But this is the one I find the most graphic, US Wages Down 23% since 2008. The American economy is falling into bits and real incomes are falling through the floor:

U.S. jobs pay an average 23% less today than they did before the 2008 recession, according to a new report released on Monday by the United States Conference of Mayors.

In total, the report found $93 billion in lost wages.

Jobs lost during the recession paid an average $61,637. As of 2014, jobs in the same sectors paid an average of $47,171 annually.

“Under a similar analysis conducted by the Conference of Mayors during the 2001-2002 recession, the wage gap was only 12% compared to the current 23%–meaning the wage gap has nearly doubled from one recession to the next,” stated the Conference of Mayors in a statement.

The report also found that 73% of metro area households earn salaries of less than $35,000 a year.

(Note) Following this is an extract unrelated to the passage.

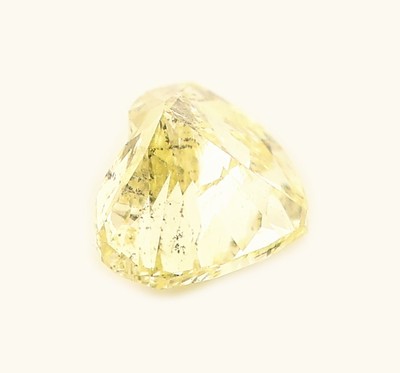 27076668a - Loser Diamant, 0.50 ct Natural Fancy Yellow, facett. Herz, GIA-Report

And the only thing they have thought to do to assist business has been to lower interest rates to near zero which, if they understood anything at all, they would understand would only make matters worse.

The evolving nature of the history of economic thought

An email to a colleague in Europe who is going off to the Congress on J.-B. Say and the entrepreneur at the end of August.

I am very pleased to hear from you and to find you are heading off to this Congress. It seems exceptionally interesting and the focus on the entrepreneur has been for too long ignored within economic theory and policy. There was some interest expressed to me about my going there as well but it has unfortunately come to nothing. It would have been a quite long journey and as I also have a conference in Hong Kong just after may have been too much of an excursion. But whatever might have been the original interest in my attendance, nothing has come of it so I am off to Hong Kong which will be a bit easier than the 20,000 mile round trip going to France would have required. Still, I would have liked to have gone but that’s life.

The seriously interesting part for me, but probably of little interest to anyone looking at what Say was writing in 1803, is that I have written what amounts to Say’s Treatise for the 21st century. I will attach a blog post I did on the book, but it is about nothing less than the crucial role of the entrepreneur combined with an understanding of Say’s Law as expressed by Say, Ricardo, James Mill and John Stuart Mill. I am the living embodiment of those values but probably 150 years behind the times, but in my view, also about 15-20 years before my time. The fact of this conference is a sign of the subterranean changes going on. But it is hard for anyone who has grown up on aggregate demand and math ec to understand what’s required if you remove AD from within macro and start treating the future as genuinely uncertain. What happens then is you end up with the classical theory of the cycle which no one any longer understands. You should be able to read the back cover of the text in the blog post attached which explains all this in more detail.

I should also mention one other reason I was pleased to hear from you. Had you not written, I would not have known that my post to the SHOE website had actually been posted since it drew not a single response and google mail doesn’t post returned emails that one has sent out oneself. My campaign to save HET from the historians and philosophers of science seems to fall on deaf ears, but the more I engage in this debate, the most astonished I am at how misconceived their ideas are. Sure certain aspects of HET are HaPoS but that is not anywhere near HET’s core significance. I really do believe that HET has been overrun by philosophers and sociologists who have almost no interest in economic issues other than as a peripheral matter upon which they can contemplate everything else under the sun aside from the way an economy works. I think that because HET in Australia retains its original essence almost entirely, that the shifts that are going on elsewhere were almost invisible to us when they came to try to remove HET from economics which is why we all rose up as one. Now with conferences such as this in Boulogne-sur-Mer, where the central interest is mainly in understanding how economies function but using past economists as a vehicle, there may be a shift back coming into play. My intervention to preserve HET, however much it seems to have been resented by some of our American and European colleagues, was just in time. Had HET gone to HaPoS, it would have died within the decade within departments of economics. It would have become as relevant to economics as the history of physics is to physicists.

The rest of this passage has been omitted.